Ok, so it looks like the issue isn't that you aren't getting your dns settings, it's that you aren't getting a proper ip address.  The one it is assigning you is the one dhcp has in its cache.

I'm not 100% sure where to go from here, but some things that you might want to check are:

1) Ensure your ethernet cable works well  (a good test would be to see if you get an ip when booting off a gentoo minimal cd)

2) Verify that you are using the correct drivers for your card in the kernel  (Can you post the results of `lspci -nn | grep Network`)

3) Ensure that you don't have firewall settings blocking the dhcp request

----------

## roelof

Hello Mike, 

1) I have a working internet when using rescuedisk after doing net-setup eth0

2) lscpi -nn | grep Network gives nothing.

     lspci -nn gives this on networking: 

     02:03.0 Ethernet controller [0200]: Realtek Semiconductor Co., Ltd. RTL-8139/8139C/8139C+ [10ec:8139] (rev 10)

3) I don't think that's the problem. With the same computer on Windows no problem and in the config of the router nothing can be found on blocking DNS.

Roelof

----------

## gerard27

Have you done "Copy DNS Info" from the handbook?

You can still do it with rescuecd.

Do net-setup eth0 with rescuecd and then

chroot into your install.

Gerard.

----------

## roelof

Hello Gerard.

Oke and then ?

What must I do after chrooting.

I have done "Copy DNS info" from the handbook.

Roelof

----------

## gerard27

Are you sure it's copied to your /etc/resolv.conf?

Then you exit the chroot,unmount and remove the rescuecd and reboot.

Gerard.

----------

## roelof

Hoi Gerard.

Im sure I copied it.

That's where I find the problems that I described.

After rebooting dhcp will rewrite resolv.conf

Roelof

----------

## gerard27

Apparently /etc/resolv.conf is not important.

I did the following:

I moved resolv.conf out of /etc.

I then did /etc/init.d/net.eth0 restart.

To my surprise it connected w/o any problem.

It's been a long time since I had to config this.

But I did my regular updates and things might have changed.

One last question:did you compile the 8139 driver in-kernel or as a module?

Gerard.

----------

## mikegpitt

I still think the problem is not dns, but with your dhcp client not receiving an ip for some reason.  BTW - When I asked about the firewall above, I meant the firewall on your local machine, not on your router...  Sometimes if the local firewall is not configured properly it will block all net connections.

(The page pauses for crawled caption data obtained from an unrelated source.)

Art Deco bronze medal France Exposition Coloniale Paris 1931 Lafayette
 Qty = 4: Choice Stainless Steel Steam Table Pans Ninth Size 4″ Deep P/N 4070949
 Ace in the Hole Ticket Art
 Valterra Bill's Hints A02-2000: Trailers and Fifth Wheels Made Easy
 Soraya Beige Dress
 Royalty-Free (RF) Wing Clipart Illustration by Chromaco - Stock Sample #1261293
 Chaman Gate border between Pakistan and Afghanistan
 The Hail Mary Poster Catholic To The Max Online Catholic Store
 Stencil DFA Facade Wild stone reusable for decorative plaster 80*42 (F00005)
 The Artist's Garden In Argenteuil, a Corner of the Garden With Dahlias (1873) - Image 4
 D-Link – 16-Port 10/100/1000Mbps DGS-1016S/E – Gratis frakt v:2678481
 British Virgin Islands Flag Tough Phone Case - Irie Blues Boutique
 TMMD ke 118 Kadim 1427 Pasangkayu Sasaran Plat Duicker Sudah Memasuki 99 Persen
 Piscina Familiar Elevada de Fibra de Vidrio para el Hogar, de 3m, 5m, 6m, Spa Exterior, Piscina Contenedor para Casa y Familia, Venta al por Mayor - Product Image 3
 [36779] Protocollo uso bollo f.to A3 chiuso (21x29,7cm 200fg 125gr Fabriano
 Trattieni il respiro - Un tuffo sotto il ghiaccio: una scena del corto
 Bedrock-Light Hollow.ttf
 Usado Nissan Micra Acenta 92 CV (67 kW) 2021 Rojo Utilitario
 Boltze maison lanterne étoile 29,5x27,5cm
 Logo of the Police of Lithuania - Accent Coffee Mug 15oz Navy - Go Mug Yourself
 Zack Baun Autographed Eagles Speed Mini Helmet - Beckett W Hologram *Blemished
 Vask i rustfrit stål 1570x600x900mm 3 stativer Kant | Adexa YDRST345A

A kernel misconfiguration still seems like it could be an option.  Maybe you should try copying over the kernel configuration off the livecd and reconfigure your kernel.  You can use this command to get the kernel .config off the livecd (when you are booted into the livecd):  `zcat /proc/config.gz > .config`

----------

## roelof

Hello Mike, 

Kernel misconfig I don't think so. The config is made by pappa_mcfea

I can see that the modules for the network card are modules and both modules are loaded on start.

With lsmod I see this  :

8139cp  22616   0 

8139too  27260  0 

Roelof

----------

## gerard27

The 8139cp is prolly the culprit.

I used to have a box with the 8139 and in make menuconfig I had a choice of 2 8139 modules.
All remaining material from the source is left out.